Now, that’s a President. Abraham Lincoln, previously best remembered for the penny, the Emancipation Proclamation, the Civil War, the Gettysburg Address, the humor, the honesty, and the height, is now re-imagined with all of that plus a rail-splitting ax tipped with silver that he swings like the grand marshall of a marching band to chop off the heads of vampires.
Russian-Kazakh director Timur Bekmambetov is known for hyper-violent films with striking visuals (“Wanted,” “Daywatch,” “Nightwatch”), here working with superstar cinematographer Caleb Deschanel as director of photography, is well suited to telling this story. It is surprisingly absorbing for an idea that sounds like it could easily be all concept and pointy teeth.
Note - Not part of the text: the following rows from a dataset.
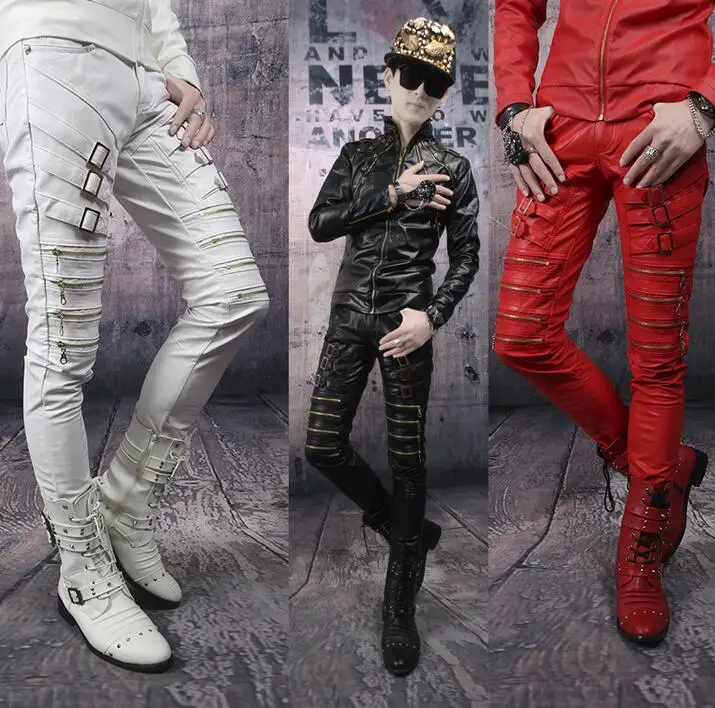 Black red white personality fashion mens motorcycle leather pants punk slim pant feet trousers multi-zipper pantalon homme | Мужская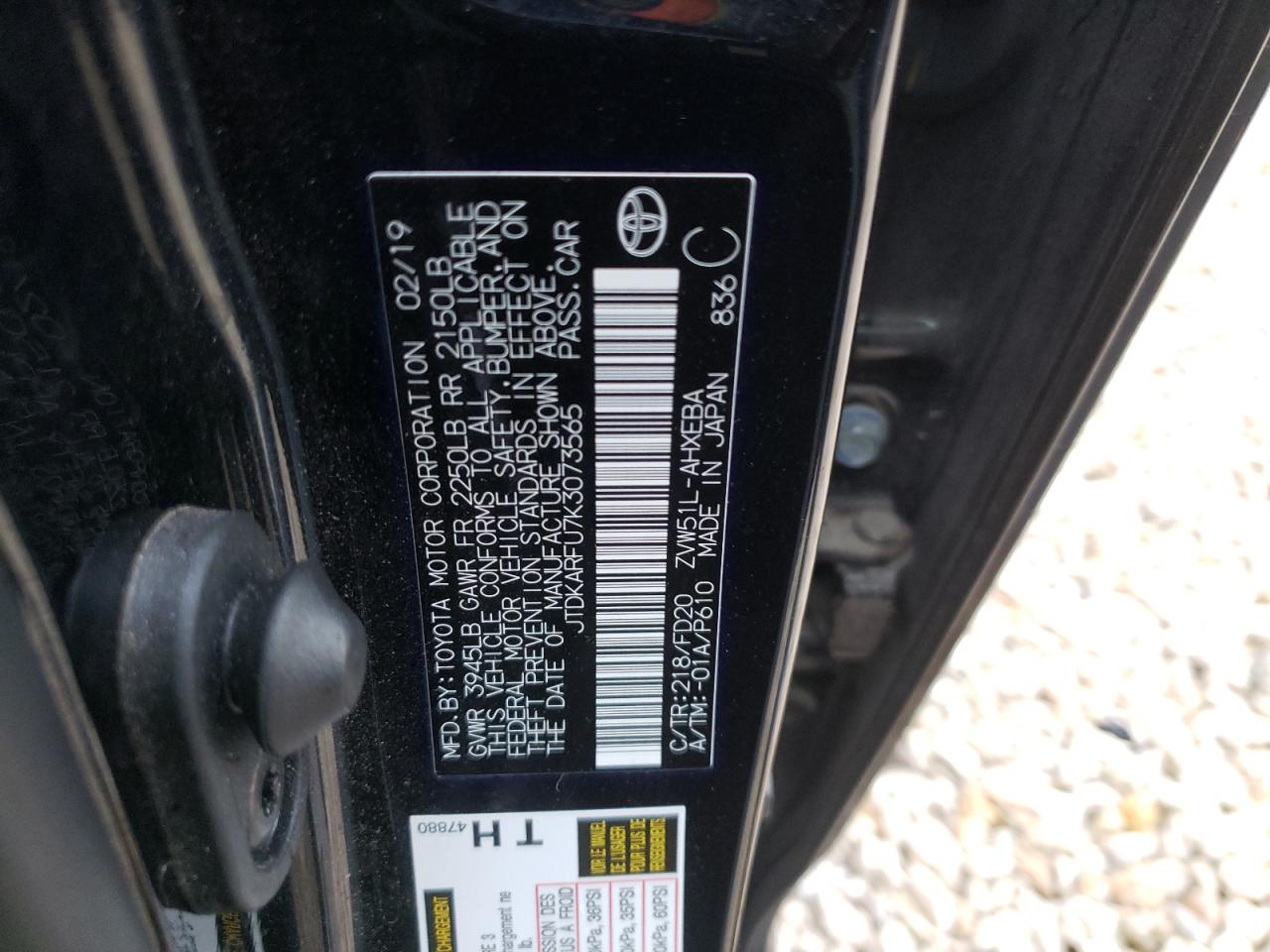Photo 10 from auction – 2019 TOYOTA PRIUS with VIN JTDKARFU7K3073565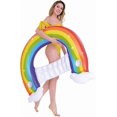 thumbnail image 3 of Pool Float Rainbow Pool Lounger, Inflatable Chair Floats with 2 Cup Holders (58 x 39inch), Sitting Inflatable Lounge Float Swimming Pool Float for Adu, 3 of 4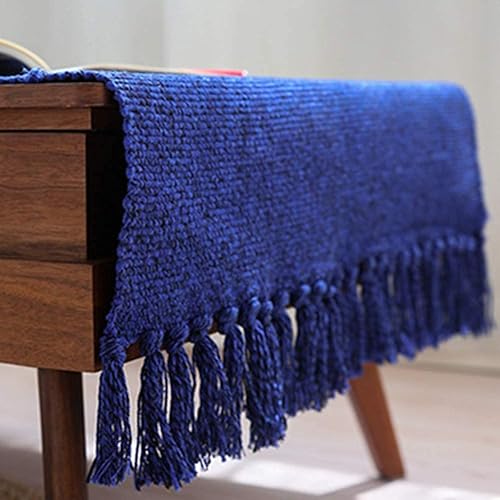 Eanpet - Alfombra trenzada de algodón tejida a mano, reversible, alfombra con flecos, felpudo de puerta, alfombra de interior para lavadero o baño,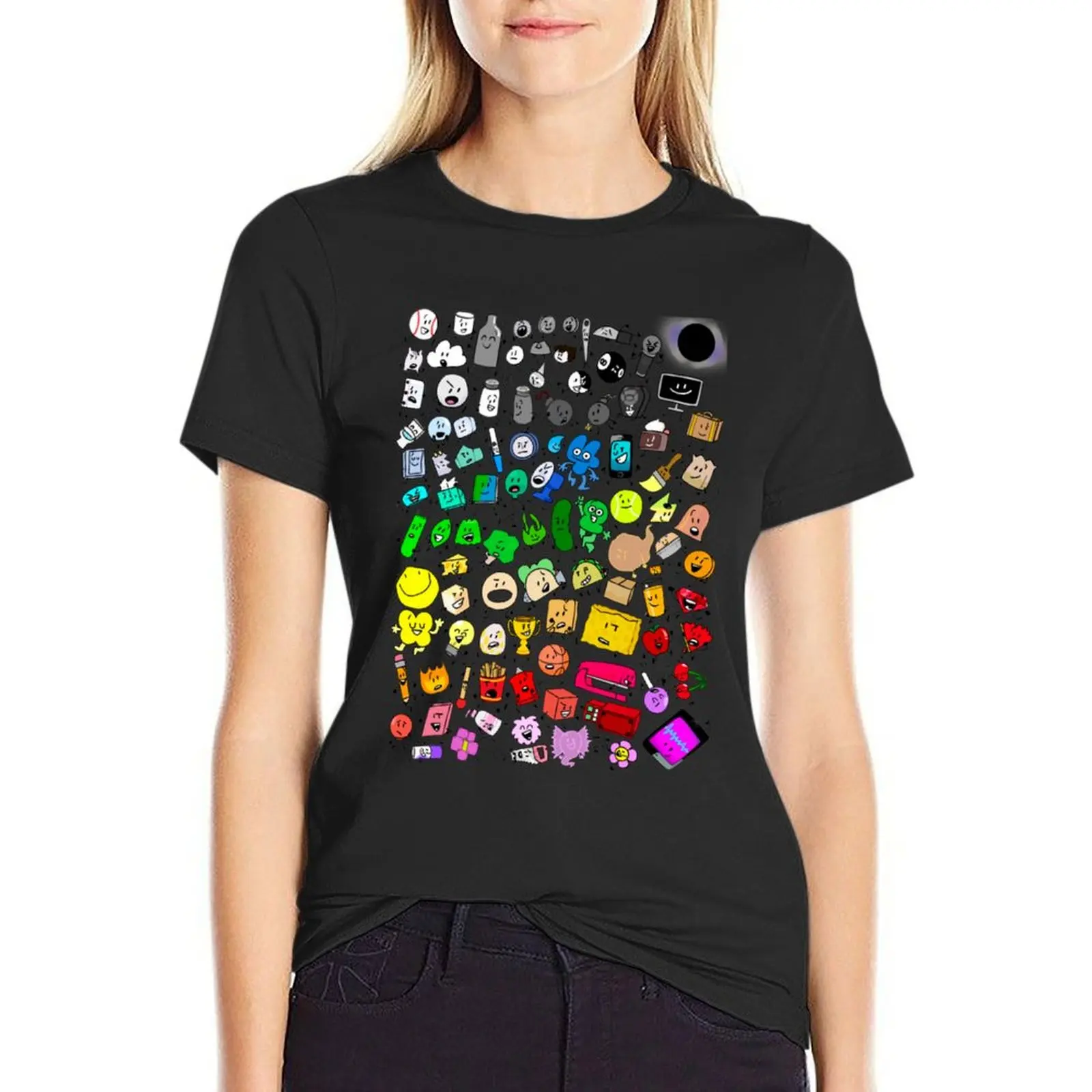 Classic BFDI Inanimate Insanity All Characters (Transparent) T-Shirt korean fashion female tops summer clothes clothes for woman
We meet young Abe as a boy, risking his life to defend his best friend Will, an African-American boy about to be whipped by the cruel man who oversees the docks. This rebellion gets Abe’s father fired, and also inflicts a more insidious revenge. Those who are familiar enough with Lincoln’s history well enough to know that the mother he loved, Nancy Hanks, died when he was nine will guess what is going to happen when she is stricken with a mysterious illness. Those who expect to see his step-mother, his first love, Anne Rutledge, or more than one of his sons will have to wait for the Steven Spielberg biopic coming out next year. As the title suggests, his one is more about killing vampires in a lot of different settlings, with a lot of spurting blood. In 3D.
At first, it is about revenge. But then Lincoln meets the dissolute but somehow trustworthy Henry Sturgess (Dominic Cooper), who cues up the training montage by telling Lincoln he must learn how to swing his ax with enough force to knock down a tree with one blow — and teaches him to do it by thinking about what he hates most. “It’s quite a feat to kill that which is already dead.” Sturgess warns Lincoln that if he is going to hunt vampires he cannot have any friends or romantic connections. But after Lincoln moves to Springfield, Illinois, he soon has both, with Joshua Speed (Jimmi Simpson) and pretty Mary Todd (the always-winning Mary Elizabeth Winstead). The head vampire, meaningfully named Adam (Rufus Sewell), is planning to take over America from his decaying plantation in New Orleans. When he invites some of his slaves to a party, it’s not “Mandingo;” it’s “Soylent Green.”
The attempt to weave the vampires into historical events is less gimmicky than it sounds because slavery is so abhorrent it makes more sense that it would require supernatural evil for something so essentially inhumane. But this is all about the fight scenes, and they are striking, even beautiful seen as abstractions, if you stop thinking of them as decapitations and impalings. Like its source material, its effort to straddle genres is sometimes awkward, its storyline overwhelmed by too many action set-pieces. Star Benjamin Walker’s stiff make-up does not allow for much acting. Despite some murkiness from the post-production 3D, the visuals are powerful and the action scenes impressively staged. And it is refreshing to see a politician who is so good at getting things done.